In Brief
LaBinnah Bistro fills an 1870 Victorian on Hannibal's Millionaires' Row, the old Munger mansion. Co-owner Arif Dagin once heard his name called in the laundry — a voice like his partner's, but rolling an R his partner never rolled. The man it may belong to was axed to death across town.
The Full Story
Arif Dagin was alone in the laundry room of LaBinnah Bistro in Hannibal, Missouri when a voice called his name. It sounded exactly like his partner Jim, except it rolled the R in "Arif." Jim doesn't roll his Rs. And Jim wasn't in the building.
The restaurant — its name is "Hannibal" spelled backward — fills an 1870 Victorian on what locals call Millionaires' Row, the former home of W.A. Munger, once the town's mayor. The Mungers threw card parties there for Hannibal's wealthy, and one of their regular guests was Amos Stillwell, a pork-packing magnate who liked to play euchre late into the night.

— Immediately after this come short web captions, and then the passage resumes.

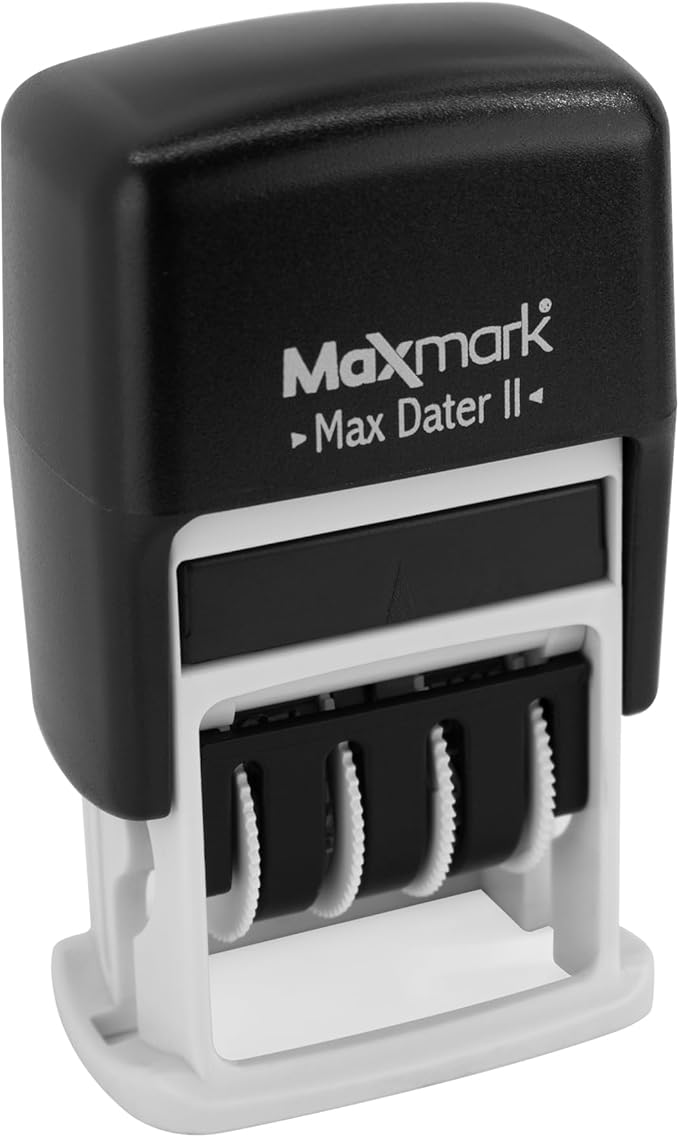 MaxMark Self-Inking Rubber Date Office Stamp with Denied Phrase & Date - Black Ink (Max Dater)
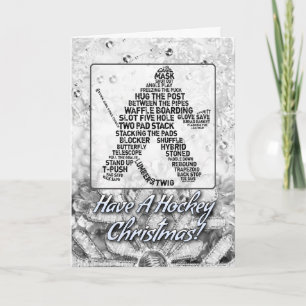 Festividades Cartão de Natal de Hockey com Golalie Typográfico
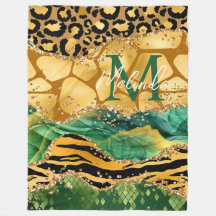 金ゴールド&グリーンサファリアニマルプリントゲート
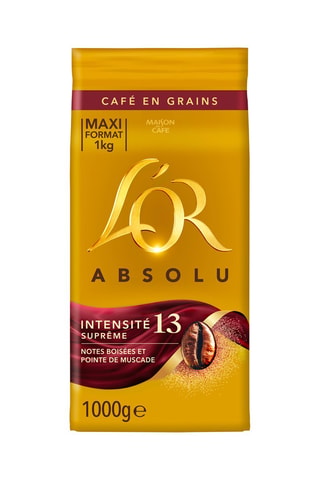 8 x 1 kg - Café en grains L'Or Absolu - Intensité 13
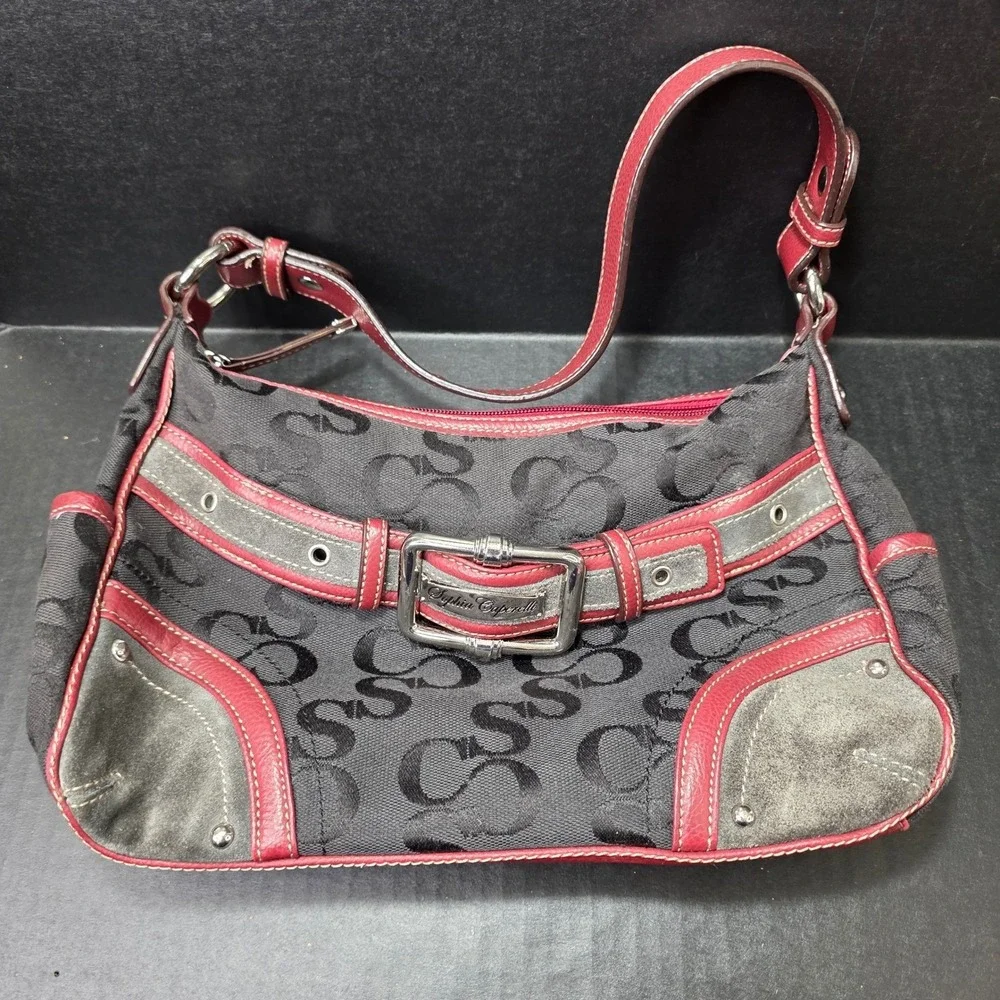 Sophia Caparelli Black‎ Red Monogram Canvas Shoulder Bag Y2K Buckle Hobo Purse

On December 29, 1888, Stillwell played his cards and went home around 11:30. In the early hours of the next morning, someone took an ax from his own woodshed and struck him in his bed. The blade severed his carotid artery, and he died almost at once. His wife Fannie said she woke to a figure and a whirring sound, and heard Amos ask, "Fannie, is that you?" About $40 lay scattered near the alley and his pocketbook was gone, but the silverware was untouched and nothing had been forced. A year later Fannie married the family physician, Dr. Joseph Hearne. Both were eventually indicted. His trial began in December 1895 in Bowling Green; after two weeks of testimony the jury acquitted him. Fannie was never tried, and the case is still officially unsolved. (Some accounts give the year as 1889.)
Stillwell didn't die at LaBinnah. He died across town. But local lore holds that he came back not to where he was killed, but to where he was happiest, at the Munger card table. The house where he died, the story goes, was eventually torn down in the hope of quieting the disturbances there.
The disturbances pile up small. An upstairs closet door opens and shuts on its own, several times a day for a stretch, then nothing for months. A doorknob has turned with no hand on it. A tenant in the second-floor apartment said she watched a translucent figure hurry across the dining room, fold into a glowing blue dot, and vanish; she moved out soon after. Weeks later, a guest photographed what looked like a small child through the glass of the front door, the same shape the tenant had described.
Dagin sold the place in 2023, but he never called it a haunting. He called it reverberations from the past.